Trump, Biden clash on N. Korea policy during presidential debate

Posted October. 24, 2020 07:51,   

Updated October. 24, 2020 07:51


U.S. President Donald Trump and Democratic candidate Joe Biden clashed on the U.S. policy toward North Korea during the last presidential debate broadcasted on Thursday (local time). The two fiercely discussed policies on six topics, including diplomacy and security, health insurance, and immigration, in a relatively calm manner without interfering or sharing harsh words as they did in the first debate.

The debate, which was moderated by NBC’s anchor Kristen Welker and held in Nashville, Tennessee, showcased clear differences between the two candidates’ North Korea policy.
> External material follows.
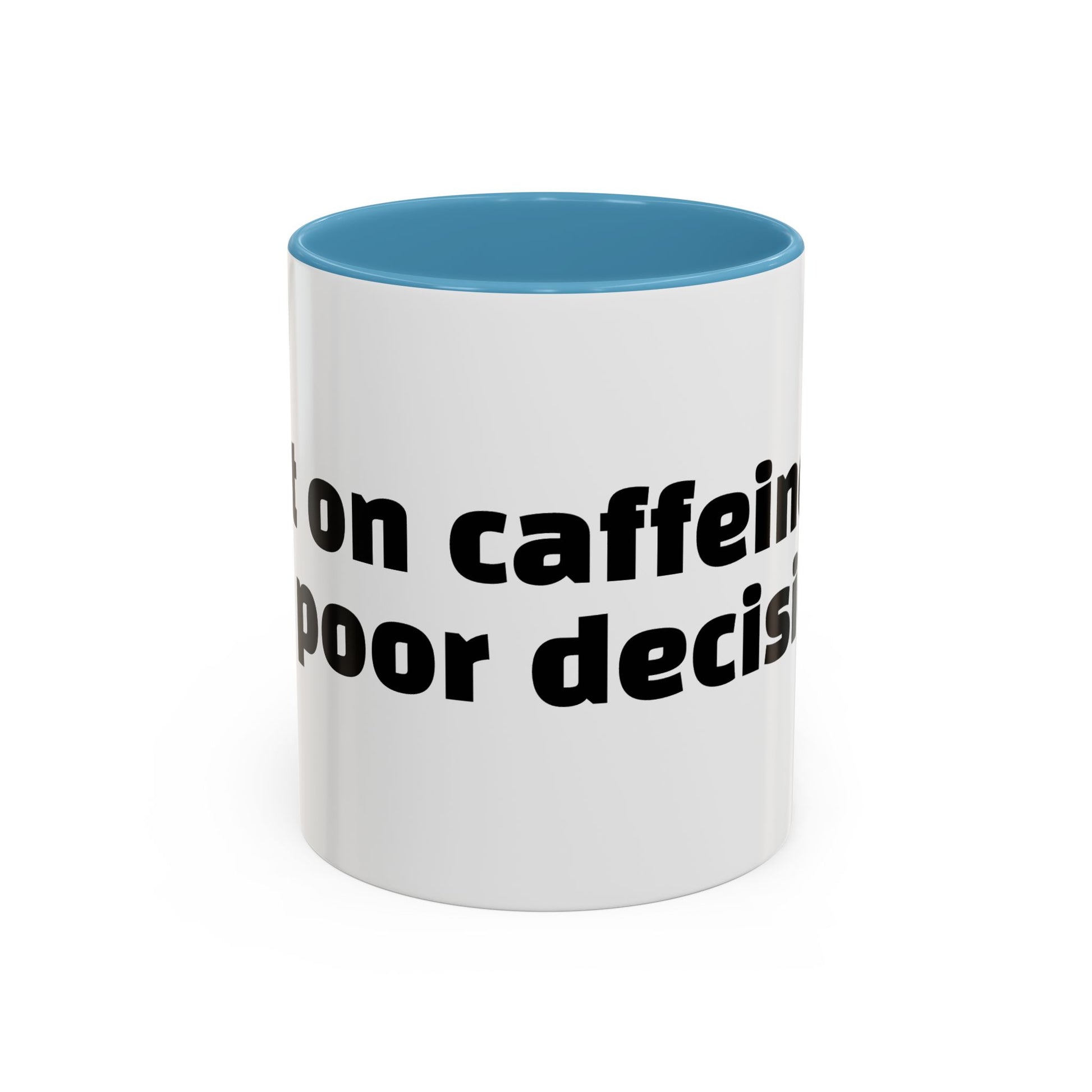 "Built on caffeine and poor decisions."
To the question asking whether he thought North Korea’s revealing of an intercontinental ballistic missile, which is the biggest so far, and continued development of nuclear weapons is a betrayal of his relationship with North Korean leader Kim Jong Un, President Trump said that there could have been a nuclear war but there’s no war and that they have a very good relationship.

“North Korea was a mess. And in fact, if you remember the first two or three months, there was a very dangerous period of my first three months before we sort of worked things out a little bit,” Trump added. While he praised his work to prevent war with the North, President Trump misspoke the populations of Seoul as 32 million.

Meanwhile, former Vice President Biden called Kim a “thug” three times and criticized President Trump, saying, “He’s legitimized North Korea, he’s talked about his good buddy, who’s a thug, a thug.” Biden said that he will meet with the North Korean leader only when Kim agrees to reduce the nuclear capabilities of the North, emphasizing, “The Korean Peninsula should be a nuclear-free zone.” While remaining tough on principles toward North Korea, the Democratic candidate seems to keep the possibility of a U.S.-North Korea summit open depending on the denuclearization measures to be taken by the North.

President Trump argues that the Obama administration pursued a meeting with Kim but was rejected. “He didn't like Obama. He wouldn't do it,” the president said, presenting himself as the only leader who can meet with Kim. “We had a good relationship with Hitler before he, in fact, invaded the rest of Europe,” said Biden, dismissing the president’s comment.